Hi Pandit, I only used one patch on the 5.8.0-rc2 build, sorry. This time around a applied both patches and ran on 5.8.0-rc3 and 5.8.0-rc4 and am very happy to say the bug has completely disappeared! :) These are the machines that are now working (all that were affected): otcpl-dell-7386-whl otcpl-nuc-glk otcpl-cml-s-1 otcpl-dell-7390-cmlu otcpl-nuc-glk otcpl-cml-s-2 otcpl-cml-u So this fix is confirmed, thanks!

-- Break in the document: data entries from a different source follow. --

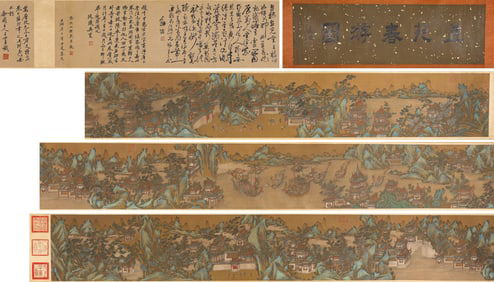 Chinese Drawing Landscape and Character Story Hand Scroll,Zhao Boju Mark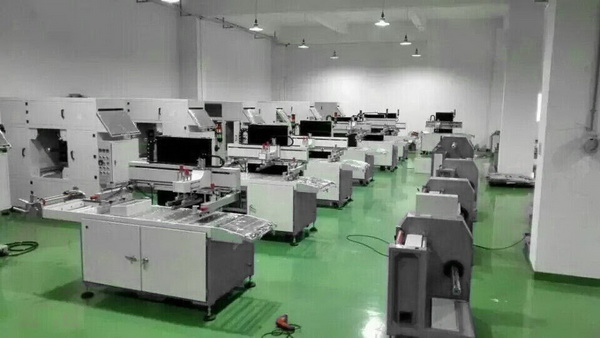 喜工全自動絲網印刷機01.jpg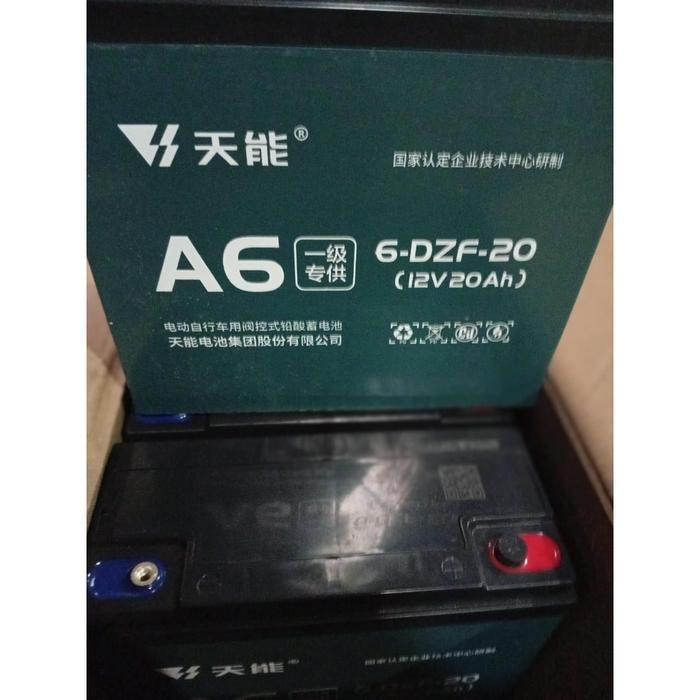 AKI SEPEDA MOTOR LISTRIK A6 6-DZF-20 12V 20AH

(In reply to Abhishek Pandit-Subedi from comment #25) > Todd, can you confirm you picked up both > https://patchwork.kernel.org/patch/11582831/ and > https://patchwork.kernel.org/patch/11586221/? > > Also, what kind of failure are you seeing? Is it failing to enter suspend > completely? Is it waking spuriously? Is it not entering S0ix? (sent up a fix > for this recently) > > It would be helpful to have logs for a failure case. Could you collect some > logs with dynamic debug for BT (see comment #11) and collect a btmon trace > (btmon -w /tmp/btsnoop) when reproducing this issue? Why haven't these patches been merged with stable? Linux 5.7.15 has neither of them.
Hi Artem, 5.7.16 got one of the fixes but not the other. I've sent a follow-up email to netdev@ to add the missing one and cc-ed you.
Fixed in 5.8.
*** Bug 208975 has been marked as a duplicate of this bug. ***